PROBLEM DESCRIPTION: Pictures aside, reproduce exactly and only the lines below, starting at the one containing "The desk has" and ending at the last line.

DATA SUPPLIED:
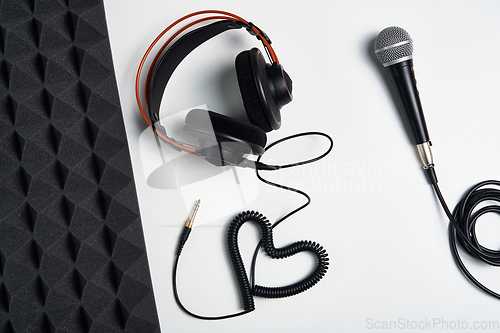 Image of Microphone, headphones and heart shaped cable on on white background with acoustic foam panel on side
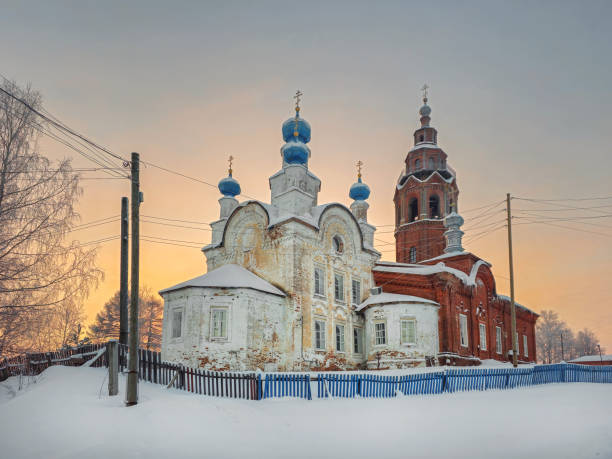 Resurrection Cathedral cherdyn. Ancient architecture is surrounded by tall white drifts and orange sunset skies. Historical center of the ancient city of Cherdyn, Russia in the middle of winter
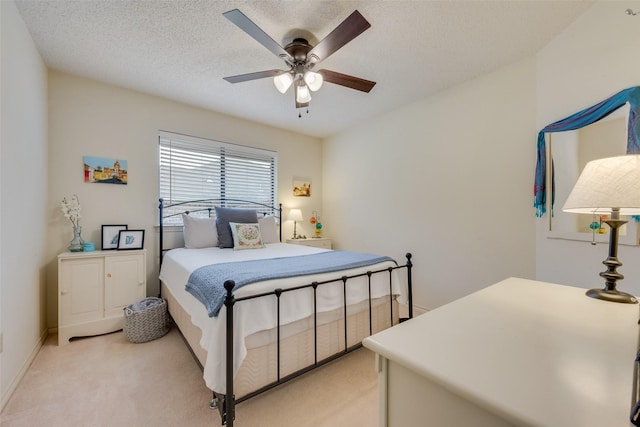 carpeted bedroom with ceiling fan and a textured ceiling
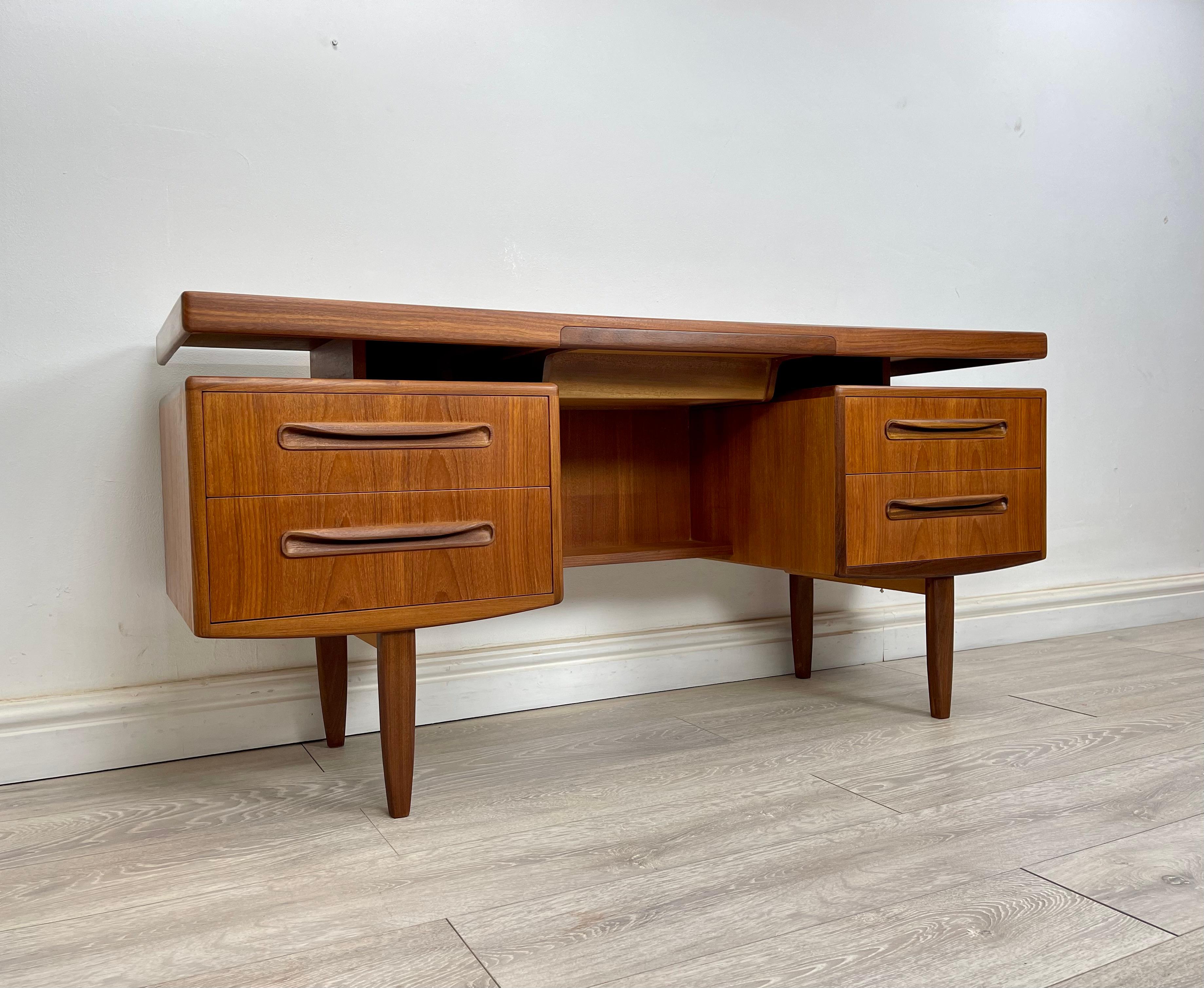 TEAK DESK 
Stunning midcentury Teak floating desk made by G Plan fresco range circa 1970 . 

The desk has stunning grain and golden patina throughout , there’s four drawers and a secret black felt lined top drawer all run smoothly . 
s run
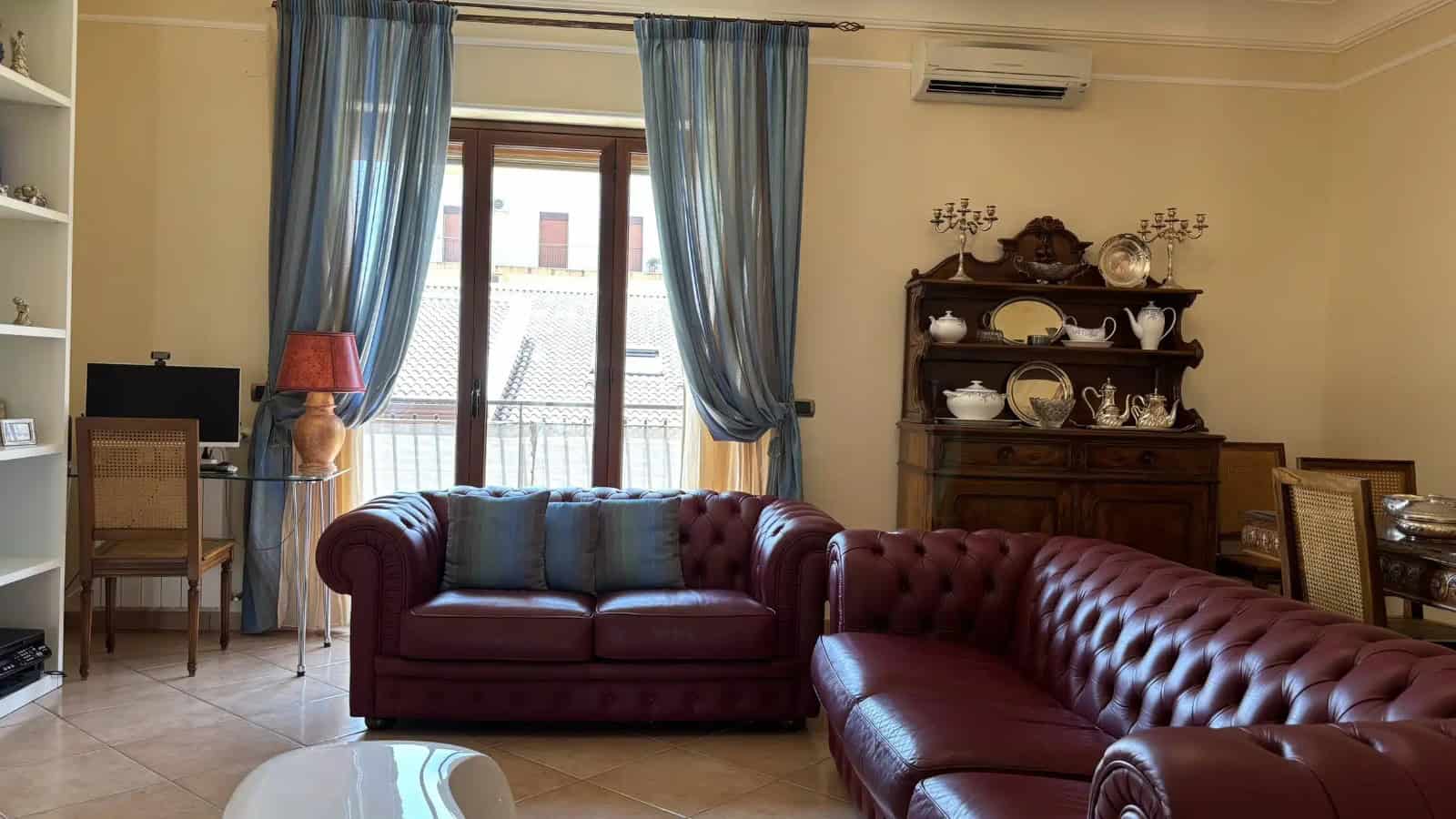 Elegante soggiorno con divani in pelle rosso bordeaux, grandi finestre con tende azzurre e arredi classici in stile tradizionale.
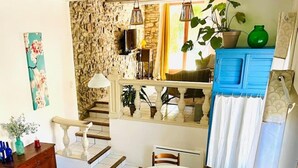 A cozy interior with a stone wall, a blue cabinet, a dining table with chairs, and a staircase. - La Maison Près de la Fontaine (Talairan)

EXERCISE SOLUTION:
The desk has stunning grain and golden patina throughout , there’s four drawers and a secret black felt lined top drawer all run smoothly . 
s run
 Elegante soggiorno con divani in pelle rosso bordeaux, grandi finestre con tende azzurre e arredi classici in stile tradizionale.
 A cozy interior with a stone wall, a blue cabinet, a dining table with chairs, and a staircase. - La Maison Près de la Fontaine (Talairan)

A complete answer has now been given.